Technical specifications
- Chassis: Lightweight carbonfiber composite monocoque
- Suspension (front): Unknown
- Suspension (rear): Unknown
- Engine: Mercedes-Benz M291 180° 3.5 L (3,497cc) flat-12, naturally aspirated
- Transmission: Unknown
- Fuel: Unknown
- Tyres: Goodyear

Competition history
- Debut: Never raced

= Mercedes-Benz C292 =

The Mercedes-Benz C292 was a stillborn Group C prototype race car intended for the 1992 World Sportscar Championship season as an evolution of the Mercedes-Benz C291, but never raced due to Mercedes-Benz withdrawing from sportscar racing after a dismal 1991 season.

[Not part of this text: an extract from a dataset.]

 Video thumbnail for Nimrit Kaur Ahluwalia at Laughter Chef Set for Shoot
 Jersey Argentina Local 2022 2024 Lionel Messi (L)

Built by Sauber for Mercedes-Benz, the C292 featured the same Mercedes-Benz M291 3.5L Flat-12 which had initially disappointed in 1991, but during the offseason continued development and testing and was finally able to produce power similar to Jaguar, Peugeot, and Toyota.

However, given the large amount of money Mercedes-Benz had invested in sportscar racing since their return, while receiving very little returns even after winning two championships and a 24 Hours of Le Mans, the decision was made to cancel the project after only a few C292s had been produced by Sauber. The exact number of C292s that were built is unknown, however one remaining copy is on display in the Sauber museum.

With the cancellation, the C292 was never tested, and therefore its potential in comparison to its competitors was never able to be seen. It is unknown if Mercedes even got to the point of installing the M291 engine in the C292.

This would be the last Mercedes-Benz sportscar until the launch of the CLK-GTR in 1997.